[Exercise goal] Give back every record word for word, keeping the pictures out.

[Data for this task]
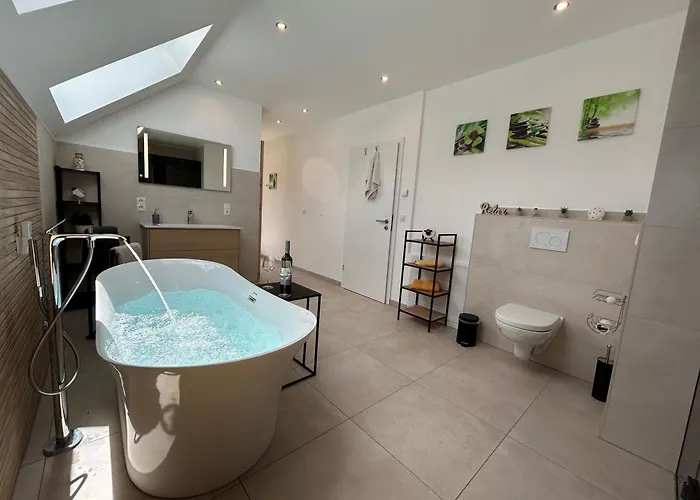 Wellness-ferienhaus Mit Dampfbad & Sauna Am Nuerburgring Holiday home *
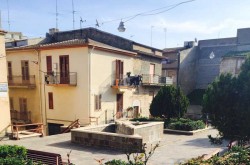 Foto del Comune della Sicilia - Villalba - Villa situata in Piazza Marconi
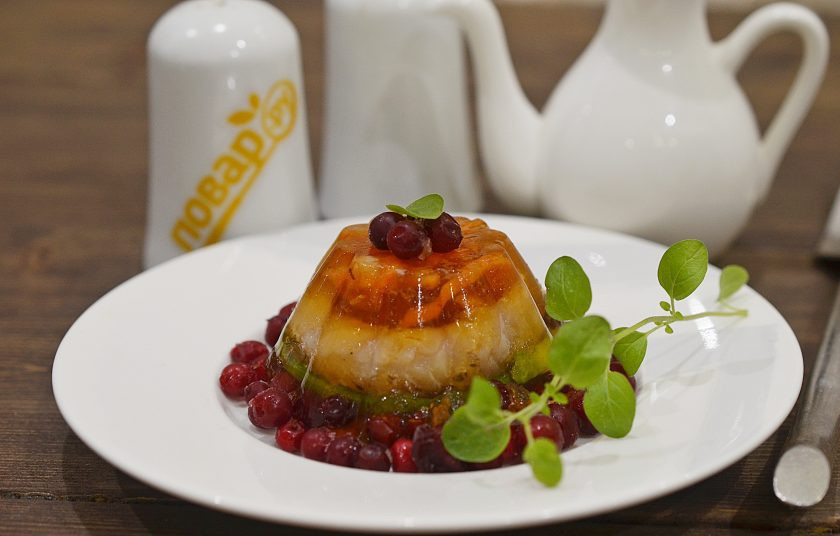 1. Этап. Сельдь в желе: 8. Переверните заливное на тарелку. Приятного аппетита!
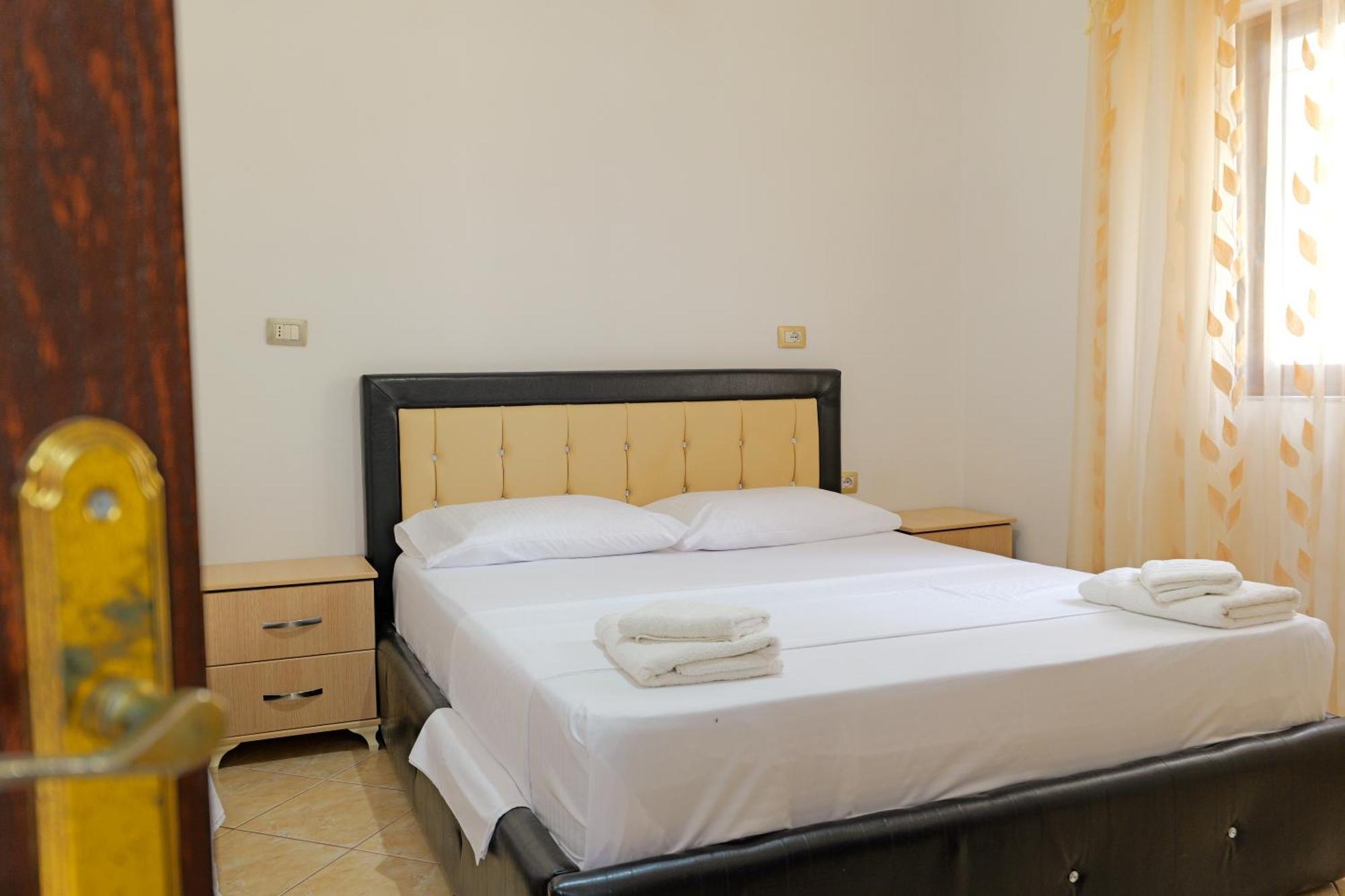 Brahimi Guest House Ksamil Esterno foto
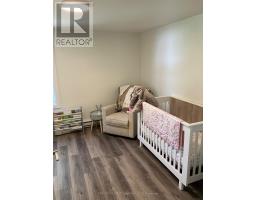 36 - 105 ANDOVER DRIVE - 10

[Answer to the problem]
 Wellness-ferienhaus Mit Dampfbad & Sauna Am Nuerburgring Holiday home *
 Foto del Comune della Sicilia - Villalba - Villa situata in Piazza Marconi
 1. Этап. Сельдь в желе: 8. Переверните заливное на тарелку. Приятного аппетита!
 Brahimi Guest House Ksamil Esterno foto
 36 - 105 ANDOVER DRIVE - 10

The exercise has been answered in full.